Letter A - Whip Habitats -- A site receives 15 points for an imperiled habitat only if the project will implement practices specifically for the imperiled habitat in question; in this case, a high ranking (likelihood of success) application will be funded first - regardless of ownership. A site does not receive 15 points simply for having an imperiled habitat on the property. When ranking projects with multiple habitats, the habitats will be ranked as separate projects/sites unless they are adjacent or adjoining and they ecologically functionally related for the habitat objectives.
Letter B -- Listed Species considered Rare, Sensitive, Threatened, Endangered, Candidate or of Special Concern:
The group agreed that in order to take any points for this category, direct or indirect benefits, the listed species must be within the project area. This means that at least some portion of the NDDB designation (i.e. the circle indicating the specie's location) falls over the project area. The project area is the actual site where work will be done, not the entire property of the applicant.
Letter C - Quality of Improved Habitat (native species or ecosystem functions): The basis for this decision is the end result of the work that is done. The quality or state of the habitat at the time of evaluation or the start of the contract is irrelevant. Points awarded for this category are determined solely on the expected condition of the site after implementation of all practices. In effect, any project for which we develop a WHIP conservation plan and the applicant agrees to implement all of the practices should, in theory, result in high quality of improved habitat. An example where high quality might not be achieved is a grassland where the applicant is willing only to broadcast seed by hand and does not want to mow, burn. Or otherwise manage the grasses once established (NOTE: Consult the Habitat Suitability Index (HSI) sheets and or the habitat description sheets for a sense of what an "ideal" habitat might look like).
Letter D - Suitability of On-site characteristics and project setting: Remember that a limitation in this category for a project is defined as AND/OR which means that the limitation can be in either site characteristics or setting characteristics and does not have to be in both for a project to receive 5 or 1 point. However, for a project to receive 10 points both site AND setting have to be good.
Letter E - Connectivity of Habitat: The concept of complementary habitat is based on or determined by habitat objectives for the site. For example, in some cases a mature forest next to a grass field is considered complementary (e.g. edge species). If you are establishing a grass field for small mammals and rodents, and there is a wooded area next to the field that is home to raptors that will eat your prized small rodents, the two habitats should not be considered complementary.
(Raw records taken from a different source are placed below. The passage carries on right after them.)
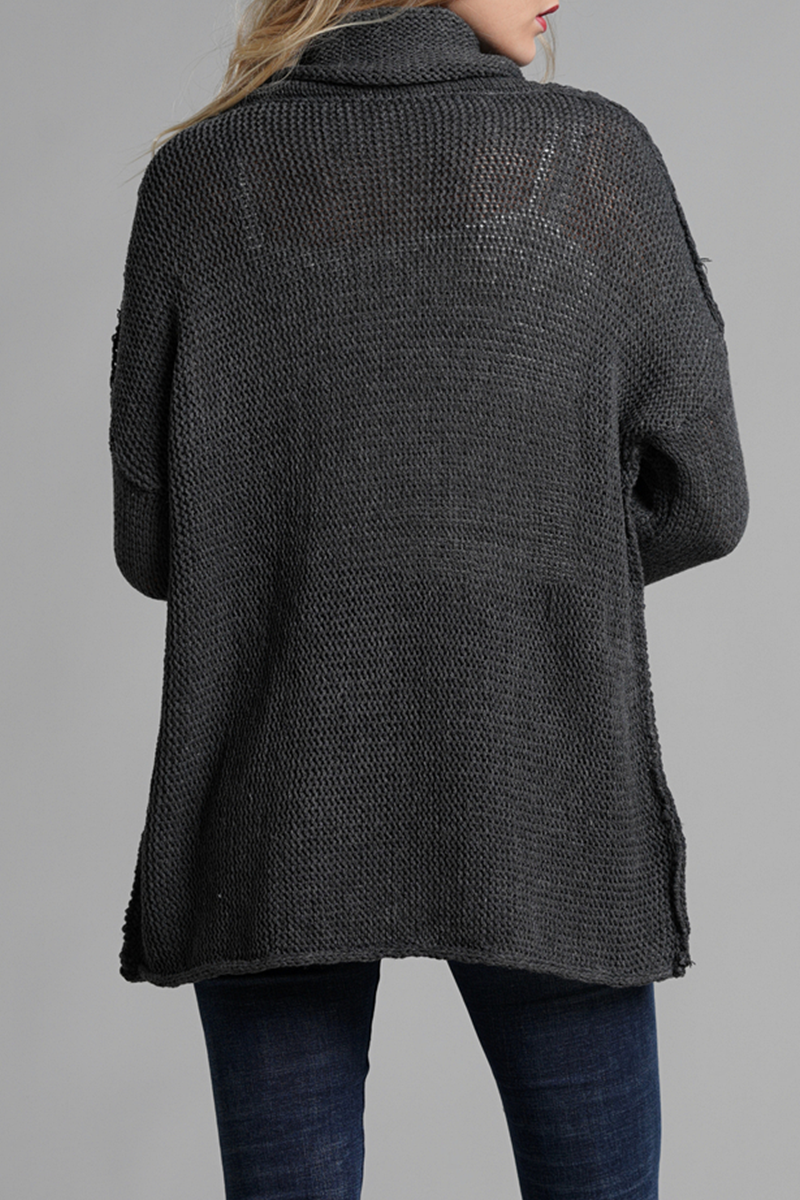 Casual Solid Split Joint Turtleneck Tops Sweater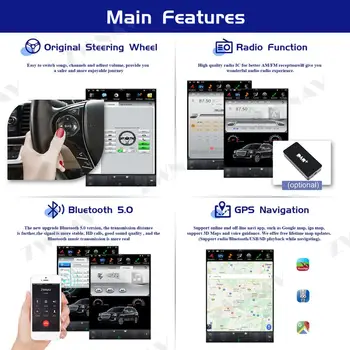 4+128G Tesla Ecran Pentru Ford Mustang 2016 2017 2018 2019 Android 9.0 Mașină Player Multimedia Navigatie GPS Radio Stereo Unitate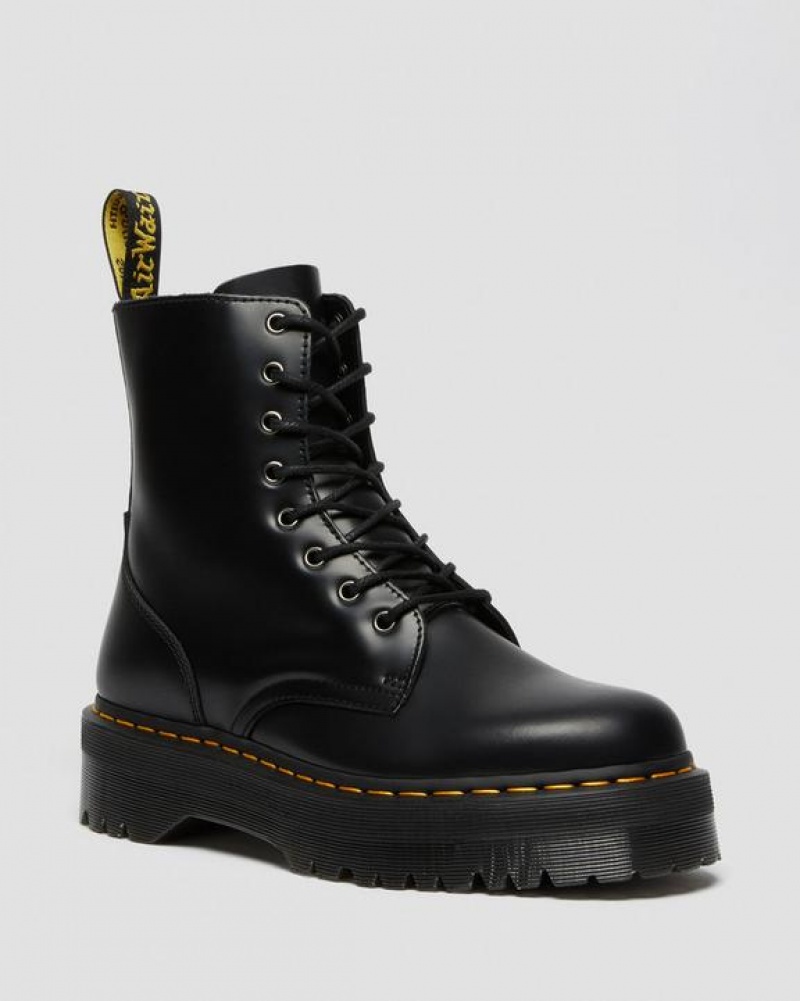 Men\'s Dr Martens Jadon Boot Smooth Leather Platforms Boots Black | Australia_Dr28502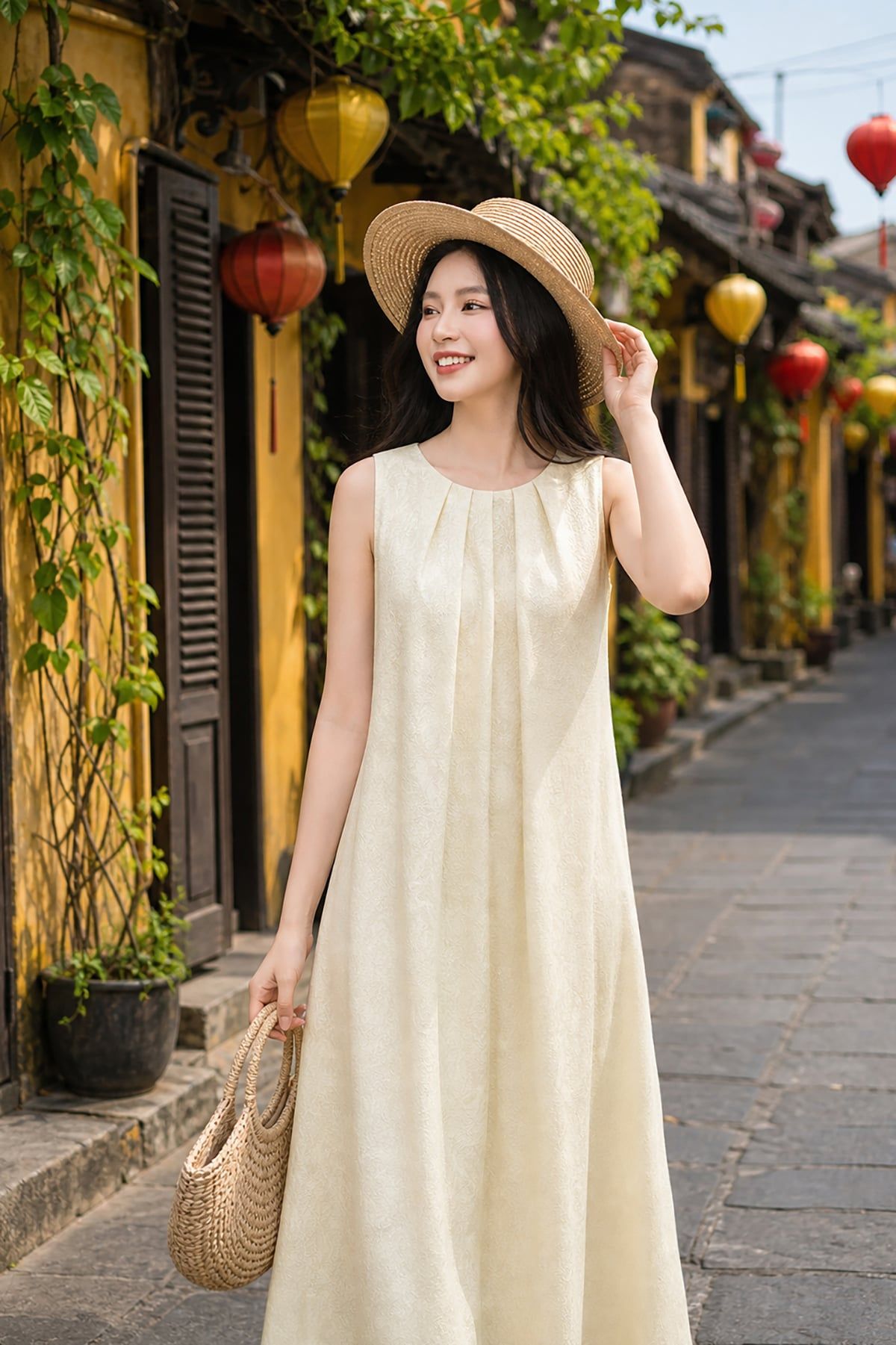 Đầm maxi cổ tròn họa tiết chìm - O63M26H026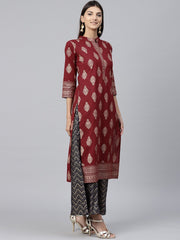 Red printed 3/4th sleeve cotton kurta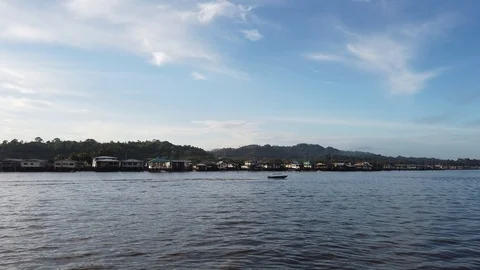 Landscape Kampung Ayer Stock Footage 100800104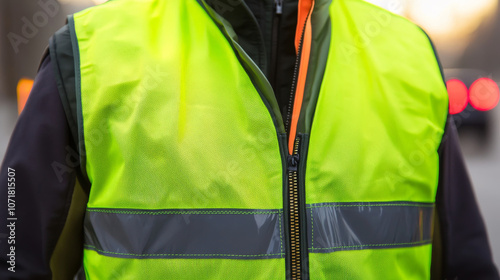 A bright green safety vest with reflective stripes and a zipper. This type of vest is worn by workers in traffic and other hazardous areas for safety.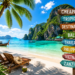 Tropical beach with palm trees and turquoise water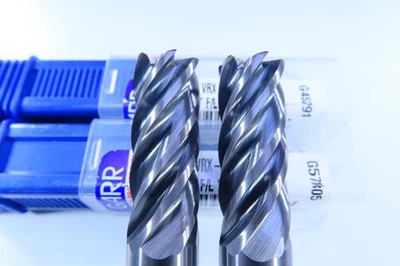 LOT ( 2 ) NEW 1/2" GARR VRX  6 FLUTE .030" RADIUS 60124 SOLID CARBIDE END MILLS - Image 1 of 4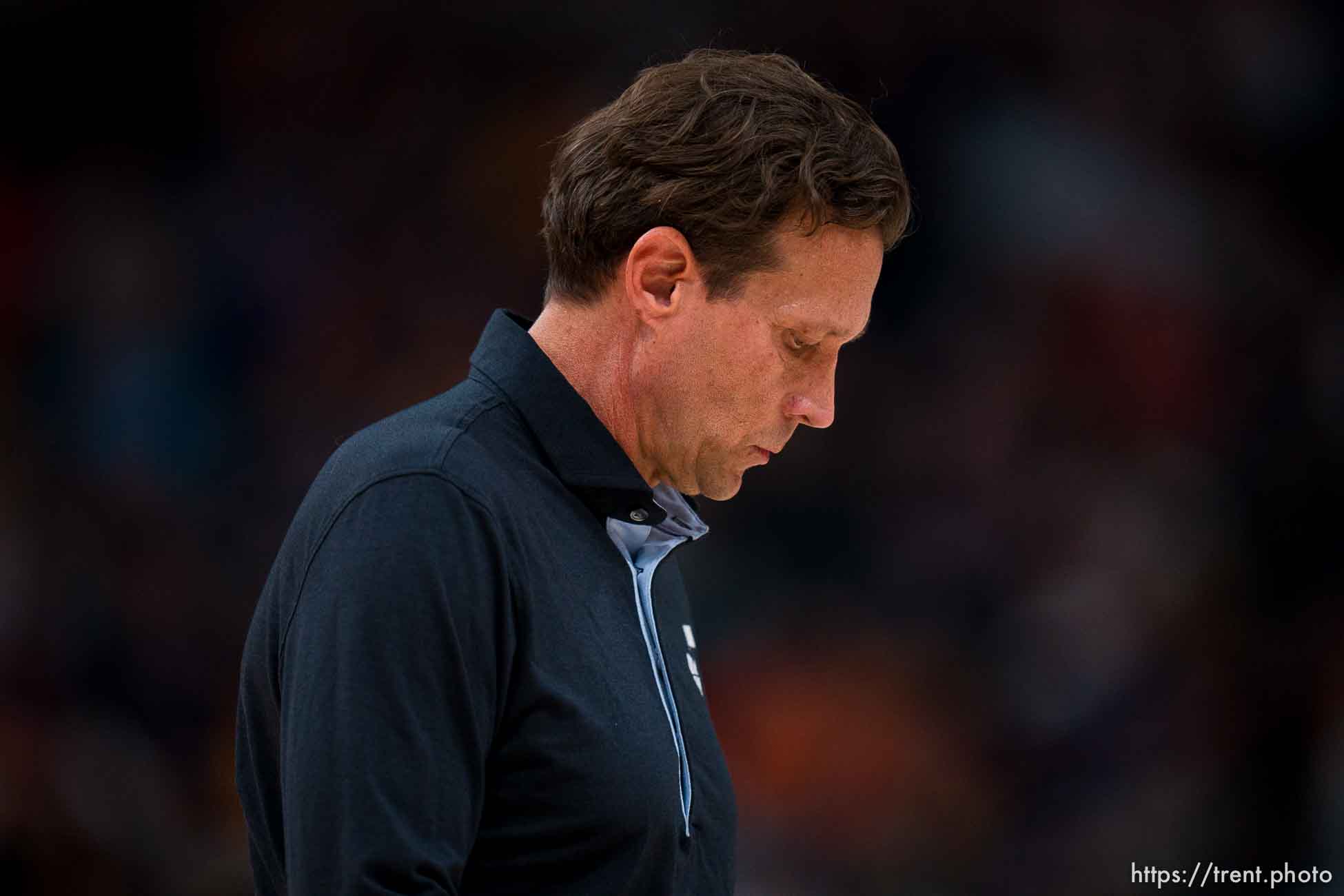 (Trent Nelson  |  The Salt Lake Tribune) Quin Snyder as the Utah Jazz host the Oklahoma City Thunder, NBA basketball in Salt Lake City on Wednesday, Oct. 20, 2021.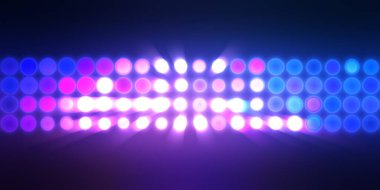 Parlak desenli duvar kağıdı. Sahne ışıkları olan renkli ışıkların ihtişamlı arkaplanı. Parlayan ışıklar siyah arka planda parti izleri. Sahne veya stadyum ışıklarının dijital illüstrasyonu. 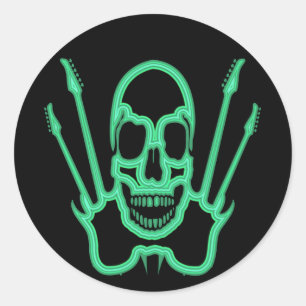 GREEN SKULL AND GUITARS CLASSIC ROUND STICKER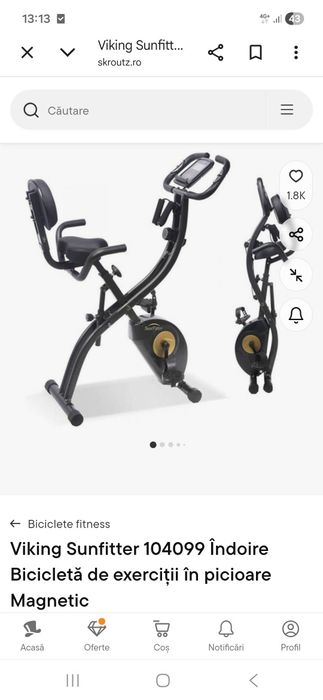 Bicicleta fitness Viking SunFitter transport  gratuit CT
Letter H: Average Total Costs/Acres to USDA: The way to calculate the cost of the project for ranking is to divide the TOTAL COST of the contract by the TOTAL PROJECT ACRES. For example, if you have a 10 year contract on an 8 acre parcel and the practices in that contract amount to $6,715, you would divide $6715 by 8. This gives you $839.38/acre for the life of the contract. Consequently, the applicant receives three (3) points.
Letter J - Other Societal Benefits: Benefits such as hunting/Fishing or passive recreation must be open for the public at large and not limited to a private or select group. Private clubs cannot receive points for hunting/fishing or passive recreation if it is only for the club's members. Cultural Resources benefits are given consideration/points if the cultural resources are within the project site (the area where work is being done).